The Vendor Questions Most Organisations Still Aren’t Asking
Many SMEs still evaluate AI platforms primarily on model quality and price.
That approach is becoming increasingly insufficient.
Executive teams should now be asking vendors far more detailed questions:
- Is customer data retained after inference?
- Can retention policies be independently audited?
- Is prompt data ever used for model training?
- Where exactly is inference performed geographically?
- Is the infrastructure multi-tenant?
- Can workloads run in isolated environments?
- Are on-prem or sovereign deployments supported?
- What happens to enterprise data if the vendor relationship ends?
The answers to these questions increasingly determine whether an AI deployment is strategically sustainable.
Private AI Is Ultimately About Control
The debate between public and private AI is often framed as a competition between innovation and security.
In reality, the issue is more nuanced.
Most organisations will continue using public AI tools in some capacity. The productivity advantages are too significant to ignore.

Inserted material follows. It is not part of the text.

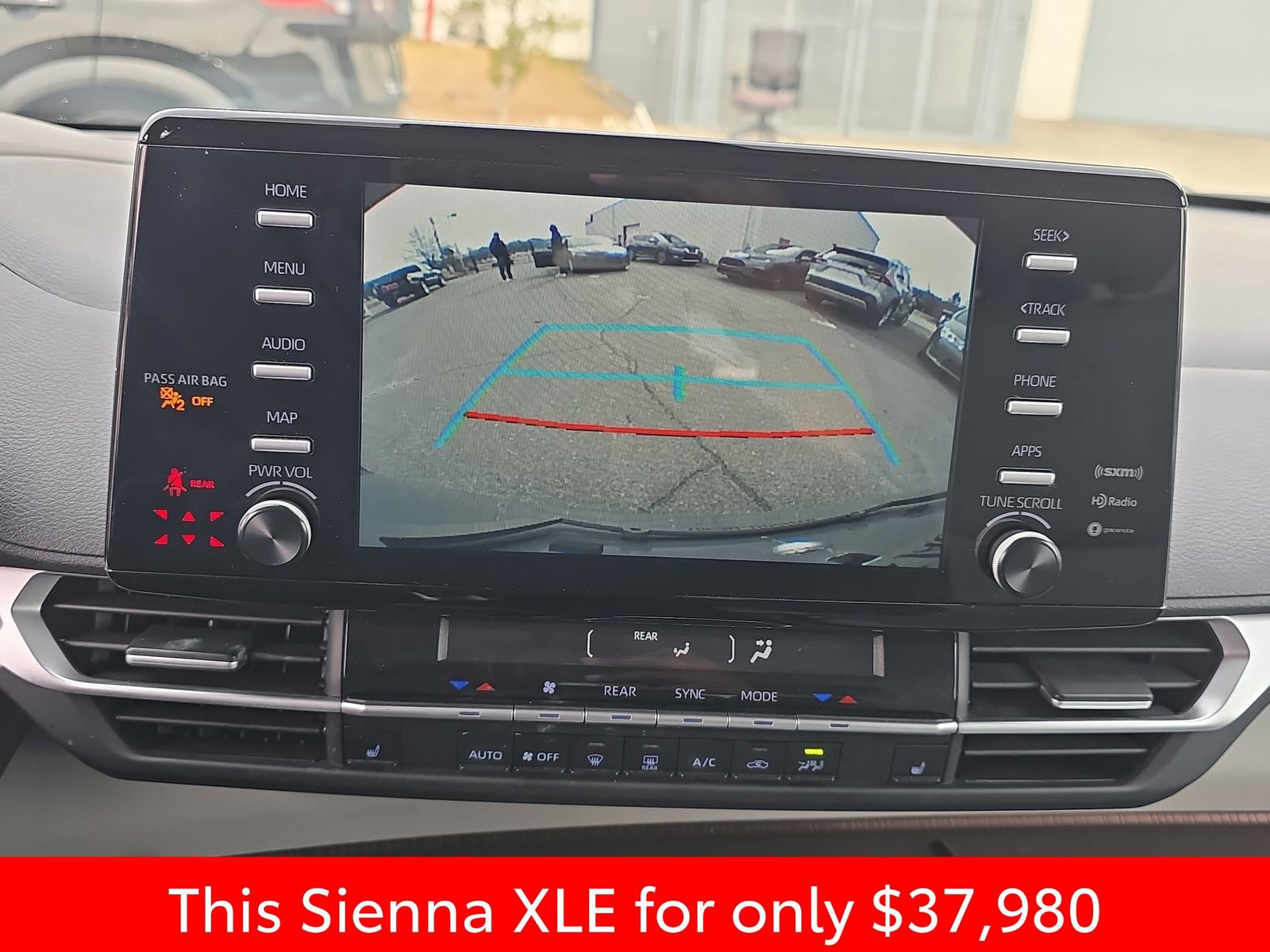 Used 2024 Toyota Sienna XLE image 33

But as AI becomes embedded deeper into research, legal analysis, healthcare operations, engineering, and strategic decision-making, businesses are recognising that inference infrastructure deserves the same scrutiny as cloud hosting, cybersecurity, or financial systems.
Private inference is not about rejecting AI innovation. It is about deciding where organisational trust boundaries should exist.
For SMEs and research institutions alike, the long-term winners are unlikely to be the organisations that adopted AI fastest with the fewest controls.
They will be the organisations that understood early that data governance, sovereignty, and operational resilience are becoming inseparable from AI strategy itself.